Comfort is more important than speed. However, being 6’4″ tall means having the seatpost up high to get proper leg extension, but then my bodyweight all seems to be on my wrists, which quickly becomes uncomfortable, as well as my backside taking a pounding. Is this inevitable with mountain bike geometry and tall riders, or might a different bike be the answer? I might buy a full-susser if the riding position was more upright and comfortable but am loathe to spend up to £1500 unless I’d solve the problems. Can you suggest bikes I should try. Or should I save myself £1480 and buy a suspension seatpost?
John Chambers, Wirral
Before splashing out on a new bike there may be a few things you can do to improve the position on the bike you have. Basically the problems you describe suggest that the drop between your saddle and you handle bars is too great. This is throwing too much weight on to your wrists and causing your pelvis to rotate forwards making your saddle feel uncomfortable As you identify you need a more upright position. If your bike hasn’t already got them try fitting a high-rise stem and riser bars this will reduce the drop. Ultimately though if the bike is the wrong size for you nothing will give you the correct position without severely affecting your bike handling. Don’t feel you are limited to full-sussers for getting the more upright relaxed feel you are after as plenty of hard-tails offer a similar position. It’s certainly not inevitable that you will be uncomfortable on a bike with mountain bike geometry — particulary with the wide range of bike styles available. Do get advice and try out any bike before you buy it. Don’t bother with a suspension seat-post — it will mess up your pedalling and do nothing to improve your comfort until your position is sorted.
Just worn out?
I have a 58-year-old body, which is slightly worn, and a Specialized XC, which is just fine.
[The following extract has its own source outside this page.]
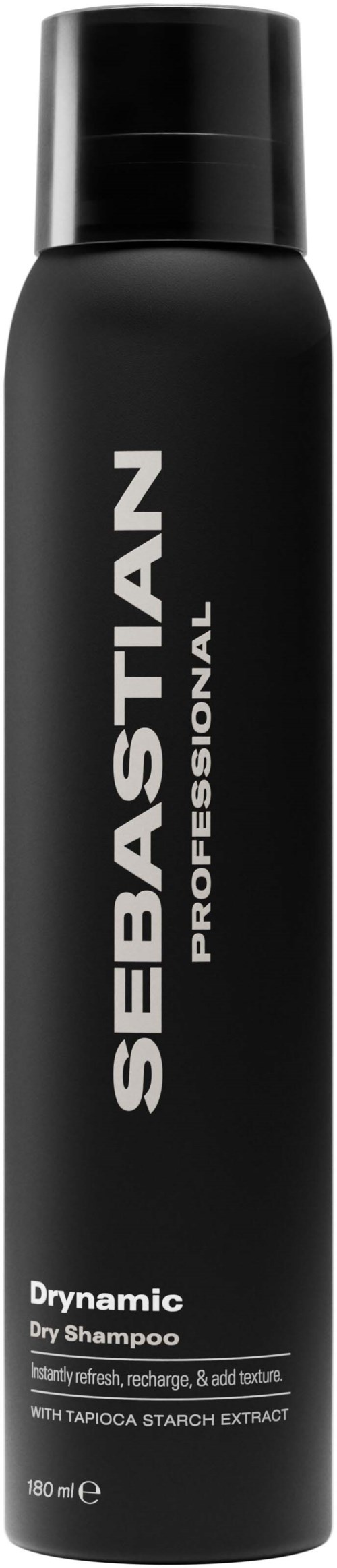 Sebastian Professional Styling and texture Drynamic+ Dry Shampoo 180 ml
Recent XC rides, particularly February’s Talgarth Red in very wet, energy-sapping conditions leave me feeling particularly and worryingly exhausted. I seem to be OK with the short, hard and technical sections but interestingly found the on-road, constant output, section at the end tiring. The day after Talgarth I had a headache, which I have experienced before and I presume might be related to dehydration, and I still felt too exhausted to ride again. I had pasta the night before, ate porridge in the morning and drank energy drink during the ride. During the ride I ate a couple of banana sandwiches and 1.5 energy bars. I am weigh about 64kg, which is average for my height. I don’t ride every day but in the best weeks in the good weather months I will ride about 40 miles to & from work and have an evening group ride of perhaps 15 miles. I will ride a demanding XC ride once a month. In the summer I ride hard off-roads in the Alps. What do you think the reasons for the exhausted feeling and the headaches might be and what do you think I can do about it?
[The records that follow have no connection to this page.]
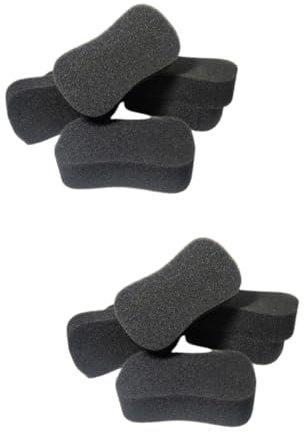 SEWOART 10stücke Pferde Körperreinigung Schwämme Hochwertige Reinigungsschwämme Für Pferdepflege Robust Und Langlebig Für Effektives Entfernen Von Schmutz Schweiß Und Haaren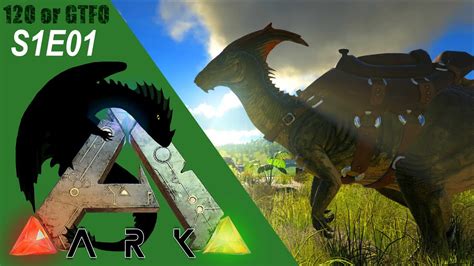 ARK Survival Evolved Gameplay Base Tour And Metal Expedition 120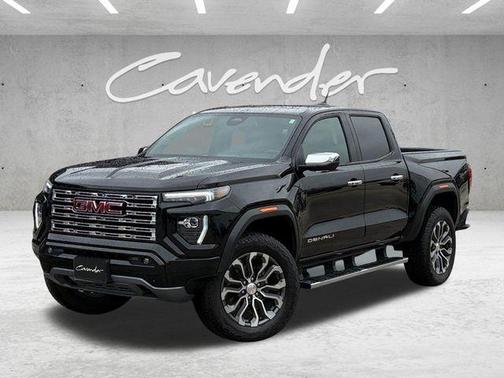 Onyx Black 2025 GMC Canyon Denali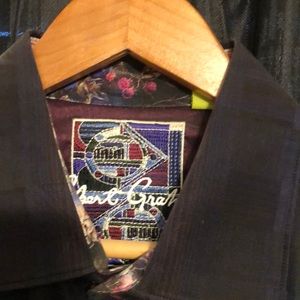 Robert Graham. Nice stitching.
Maurice (Bart) Bartishel, Kenilworth
I think this is one best addressed to your GP. From what you say you are doing most things right, eating well, staying hydrated and having easy days between your hard days of riding. Nothing obvious stands out as a cause of your fatigue and headaches. It could simply be a case of you placing higher demands on your body than it is fit to cope with — a long tough ride in the wet leaves even the hardiest of riders feeling knackered. However as you refer to your fatigue as worrying it is obviously worse than you are used to, or expect for the type of riding you do. Sometimes riders suffer “over-training” if they ride too much with insuffient time for recovery. Feeling as you do a couple of weeks completely off the bike would be a good idea then start building back up slowly. Fatigue can have any number of factors. A quick chat with the docs should help put your mind at rest and they may be able to suggest a cause. It would be irresponsible of us to try and hazard a guess or suggest a quick fix on the information you’ve given us.
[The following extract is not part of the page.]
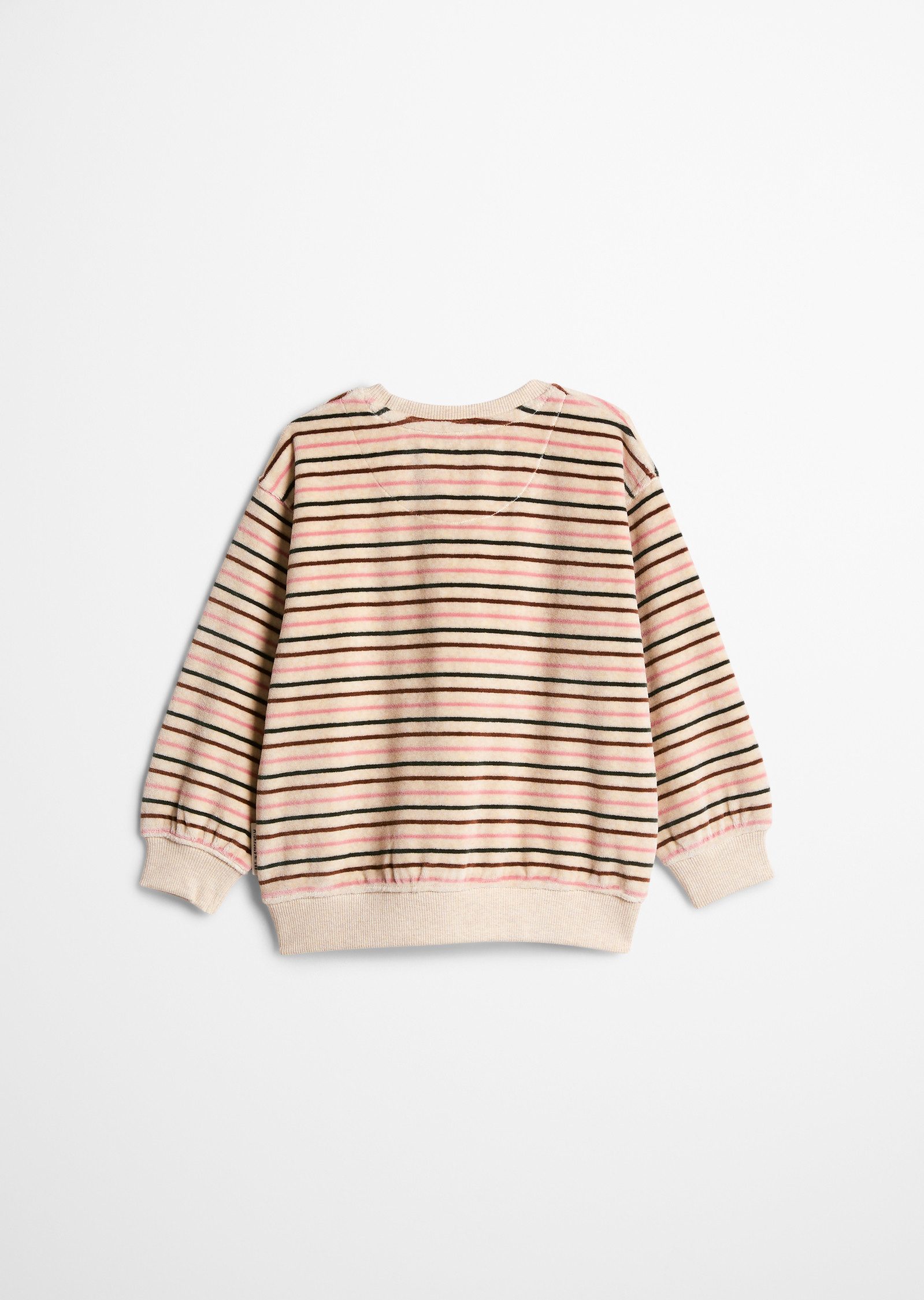 Marc O'Polo Sweatshirt farblich geringelt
Whenever I go in my local bike shop I’m confronted by racks of energy bars and jars of powder, what I’m wondering is do I really need an energy bar that costs a quid? Does a mars bar and a bottle of squash get the same result for a fraction of the price?
N. Rice, Preston
Sports drinks and energy bars are specifically designed for getting you the right balance of fuel in a highly absorbable package that works when you are riding hard. For racers the balance of performance over cost makes them worthwhile. They definitely do have the edge over a mars bar when you are pushing to your limits. However if you are just hacking about you can get by without and for casual riding palatability is more of an issue; if you are racing you don’t give a monkey’s about the taste because your taste buds have gone into meltdown and everything tastes rank. Even so there are better alternatives to a Mars bar, which are still cheap and taste good. Malt loaf, cereal bars, banana’s, jam and peanut butter sandwiches all work well. An energy drink is probably more useful if you are tempted to part with some cash. For long rides or hot days they help with supplying energy and replacing the salts lost through sweat keeping your body in balance. This can help prevent cramps and dehydration — you will notice the difference if you are riding moderately hard for an hour or more.